J. Rogers, SE Ohio
Abstract
Maxwell's Equations, the foundation of classical electromagnetism, are conventionally formulated within a system requiring four fundamental dimensions: mass [M], length [L], time [T], and electric charge [Q]. This paper demonstrates that by eliminating charge as a fundamental dimension and re-conceptualizing it as a dimensionless count of discrete quantum events, Maxwell's Equations can be fully reformulated within a purely mechanical M-L-T framework. In this new system, validated by a re-derivation of the Lorentz Force Law and the constitutive relations, the electric field [E] assumes the dimension of force, and the magnetic field [B] that of mass-frequency. This reformulation reveals Maxwell's Equations not as laws governing a unique "electromagnetic" substance, but as a set of fundamental principles governing the dynamics of force and mass-frequency fields in spacetime, sourced by the geometry of discrete events. The consistency of this approach is critically confirmed by showing that the speed of light, c, remains an invariant velocity derived from the new geometric scaling constants.
1. Introduction
The development of Maxwell's Equations in the 19th century necessitated the introduction of electric charge as a new, fundamental substance, distinct from mass. This led to a system of units in which mechanical and electromagnetic phenomena were dimensionally separate. This paper applies a geometric framework—in which charge is a dimensionless count (e=1) and its effects are mediated by a "natural charge density" constant (ncd) with units of [M·L]—to demonstrate a deeper, underlying mechanical nature of electromagnetism.

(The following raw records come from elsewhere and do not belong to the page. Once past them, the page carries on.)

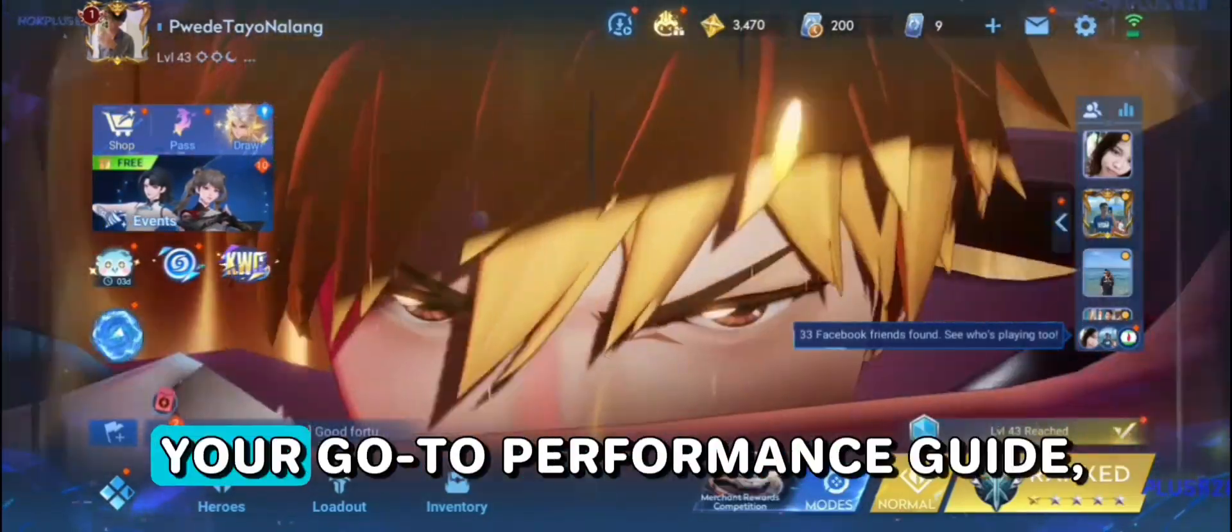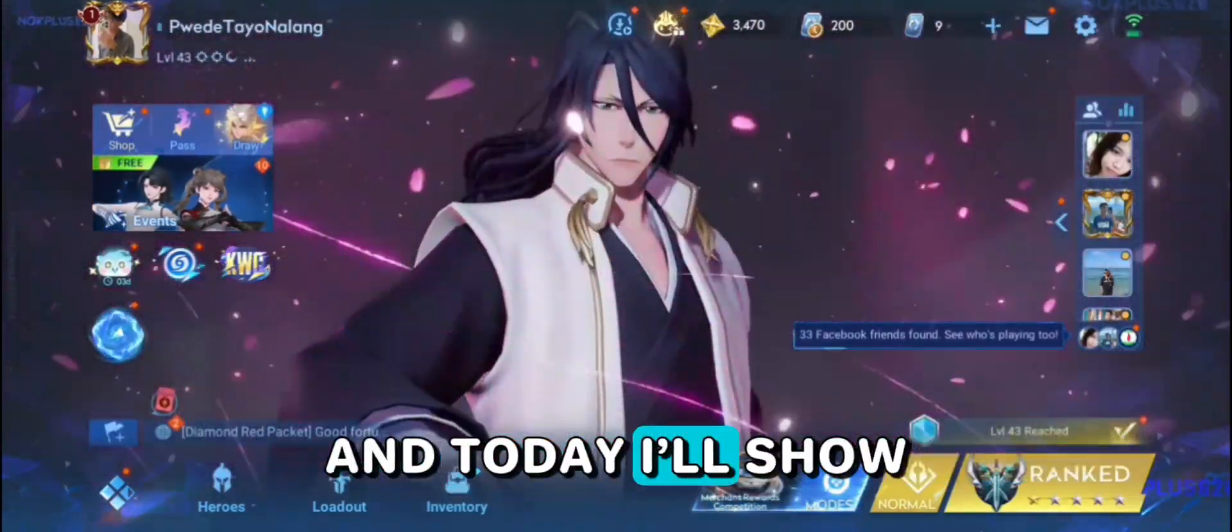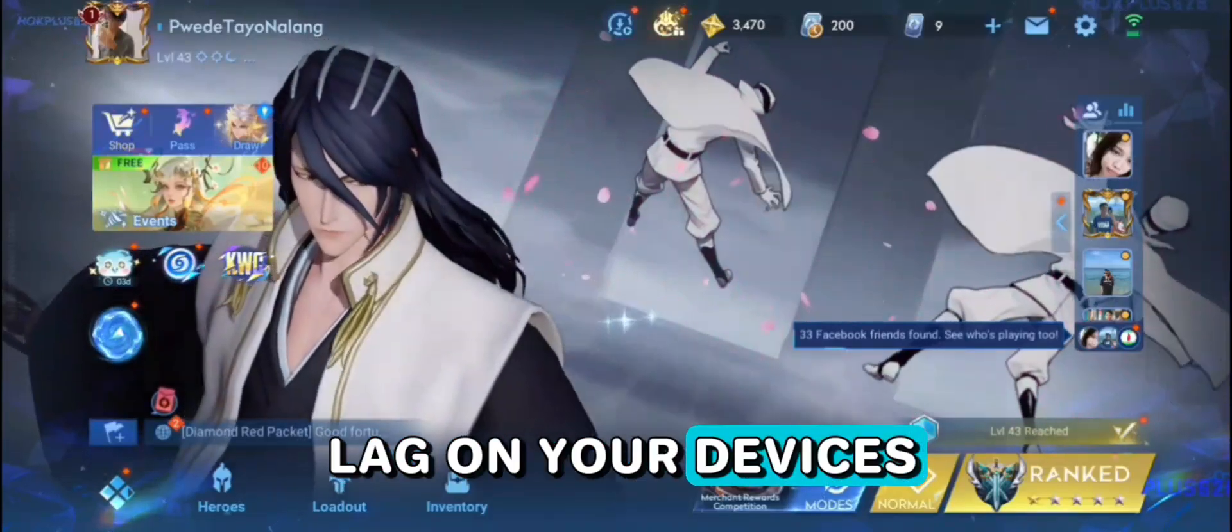I'm Riri Tweaks, your go-to performance guide, and today I'll show you how to fix lag on your devices.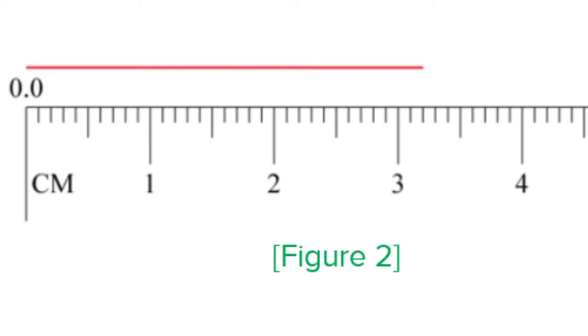The ruler pictured here has only SI units. It is shown here bigger than it really is so it's easier to see the small lines, which measure millimeters. The large lines and numbers stand for centimeters. Count the number of small lines from the left end of the ruler. You should count 10 lines because there are 10 millimeters in a centimeter.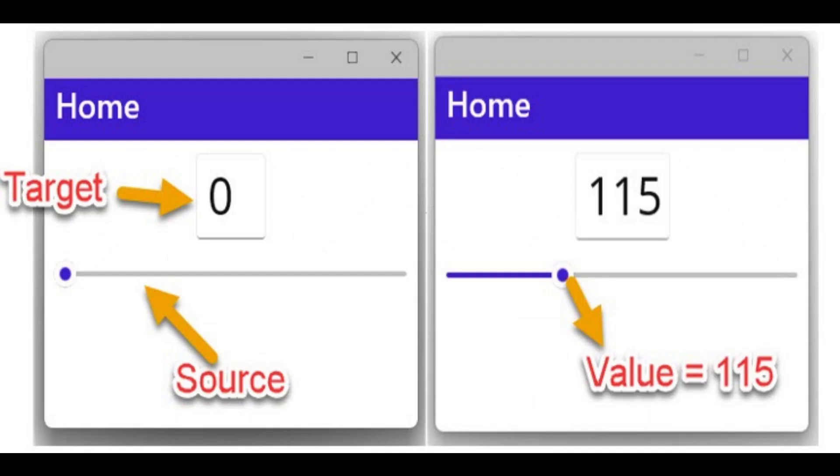Consider a view having two controls: a text entry and a slider control. If you would like to change the value in the text box based on the value of the slider, you will have to write code in the value-changed event of the slider control.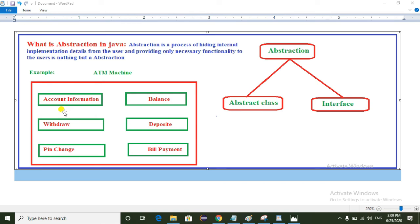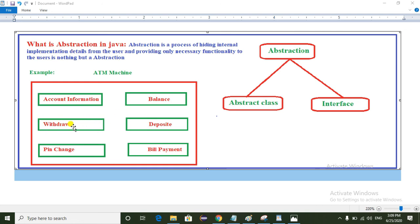So here we can say this is nothing but abstraction, because the ATM machine shows only the user interface to the customer but hides the internal implementation details of all these operations. The customer only sees the graphical representation and does not know the internal implementation. This is abstraction. Friends, don't forget to subscribe to my channel — thanks for watching this video.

2. A Dictionary of Geometric-Mechanical Translation
The translation from the standard SI system to the proposed three-dimensional (M-L-T) framework is predicated on the axiom that charge is a dimensionless count. The dimensional properties of all other electromagnetic quantities are then derived from this premise via established physical laws. The dimensional unit for the B-field, [M·T⁻¹], invites several physical interpretations. While 'Mass-Frequency' is the most direct translation, it is equivalent to Momentum-per-unit-length [(M·L·T⁻¹)/L] or Action-per-unit-area [(M·L²·T⁻¹)/L²]. For consistency, we will use 'Mass-Frequency', while acknowledging these other rich geometric interpretations.
Table 1: Translation of Electromagnetic Quantities
| Charge (q) | Coulomb [C] | [1] (dimensionless) | A pure count of discrete quantum events |
| Charge Density (ρ) | [C/m³] | [m⁻³] | Number density of quantum events |
| Current Density (J) | [A/m²] = [C/(m²·s)] | [m⁻²·s⁻¹] | Frequency density of quantum events |
| Electric Field (E) | [N/C] = [V/m] | [N] = [M·L·T⁻²] | A pure Force field |
| Magnetic Field (B) | Tesla [T] = [kg/(C·s)] | [kg/s] = [M·T⁻¹] | A Mass-Frequency or Momentum-Density field |
| Permittivity (ε₀) | [F/m] | [T²·M⁻¹·L⁻³] | A geometric scalar for Force fields |
| Permeability (μ₀) | [H/m] | [M·L] (4π·ncd) | A geometric scalar for Mass-Frequency fields |
3. The Lorentz Force Law: The Foundational Definition of Fields
The Lorentz Force Law is the operational definition of the E and B fields. Its consistency in the new framework is a primary test.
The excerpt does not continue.